─── Dataset content
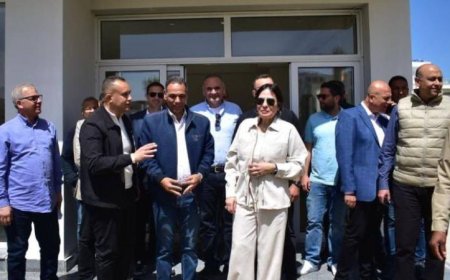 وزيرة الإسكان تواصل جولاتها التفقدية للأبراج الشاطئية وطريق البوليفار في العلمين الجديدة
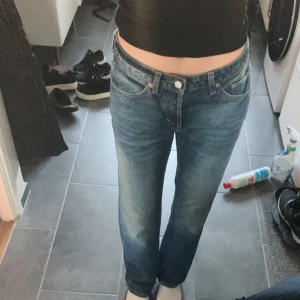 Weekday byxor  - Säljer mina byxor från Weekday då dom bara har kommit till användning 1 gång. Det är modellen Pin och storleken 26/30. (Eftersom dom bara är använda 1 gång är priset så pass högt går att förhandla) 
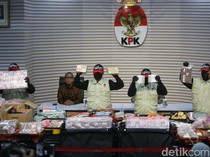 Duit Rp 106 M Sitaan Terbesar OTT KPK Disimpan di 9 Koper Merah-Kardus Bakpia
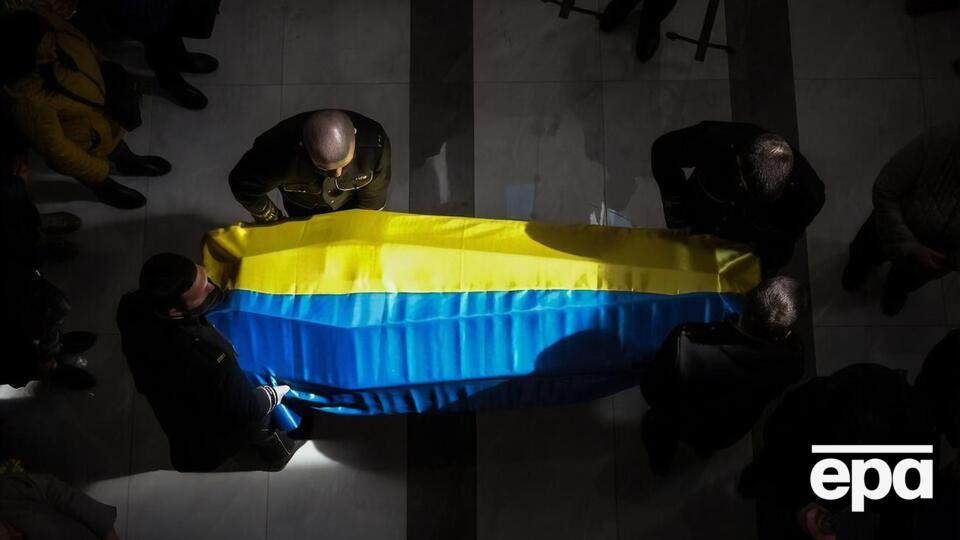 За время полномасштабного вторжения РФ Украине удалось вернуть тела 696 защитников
──────
• **Task brief**
What you need to retype is every line from the one that has "går att förhandla)" through the last line of the listing, both included, with the pictures left out.

• **Task solution**
 Weekday byxor  - Säljer mina byxor från Weekday då dom bara har kommit till användning 1 gång. Det är modellen Pin och storleken 26/30. (Eftersom dom bara är använda 1 gång är priset så pass högt går att förhandla) 
 Duit Rp 106 M Sitaan Terbesar OTT KPK Disimpan di 9 Koper Merah-Kardus Bakpia
 За время полномасштабного вторжения РФ Украине удалось вернуть тела 696 защитников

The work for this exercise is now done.